Testing later showed elevated levels of the “forever chemicals” in farmers’ blood.

But Maine has struggled to manage the waste it can no longer spread on land, as it faces limited landfill capacity and high disposal costs.

Yockel said the challenge underscores the need for national infrastructure investment, not incremental regulation.

“Policy change alone doesn’t fix this problem,” she said. “We must have infrastructure solutions.”

She rejected landfills as a long-term solution and said managing individual chemicals like PFAS misses the broader risk.
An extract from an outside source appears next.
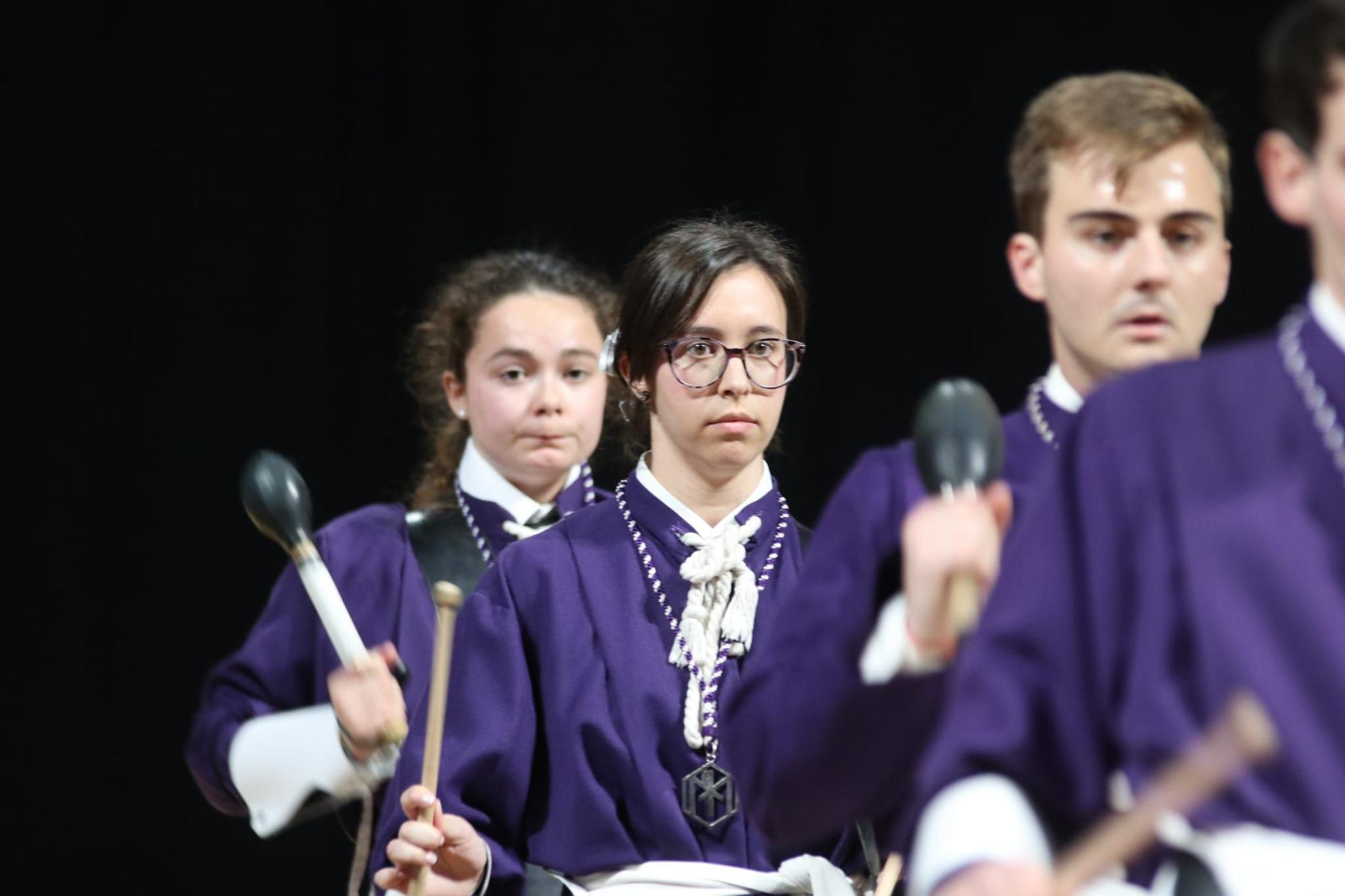 En imágenes | Concurso de tambores de la Semana Santa de Zaragoza en el Príncipe Felipe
“You cannot regulate sewage to safety,” Yockel said. “Managing PFAS does nothing but check a box and move on down the road.”

Instead, she said a secondary tier of infrastructure is crucial for managing sewage solids because today’s wastewater treatment plants focus on the water and are not engineered to dispose of solids.

“Hazardous waste cannot become fertilizer by the stroke of a pen,” she said. “It is time for courageous, honest facts around the 503 rule because we must have real solutions.”

That call for action runs up against entrenched interests that have kept the practice in place for decades, according to Yockel.

“There is a lot of power and money supporting the myth that sludge is a good idea,” she said.

Public outcry may be the most immediate path forward, she said.

“The results may be through public awareness. We are just trying to save our nation from the harm of this wretched practice.”

For Yockel, the stakes are clear.

“Once we understand the impact on our nation’s health, we’re going to have to make a choice,” she said. “When we recognize the cost of what we are doing today, the cost of change is small.”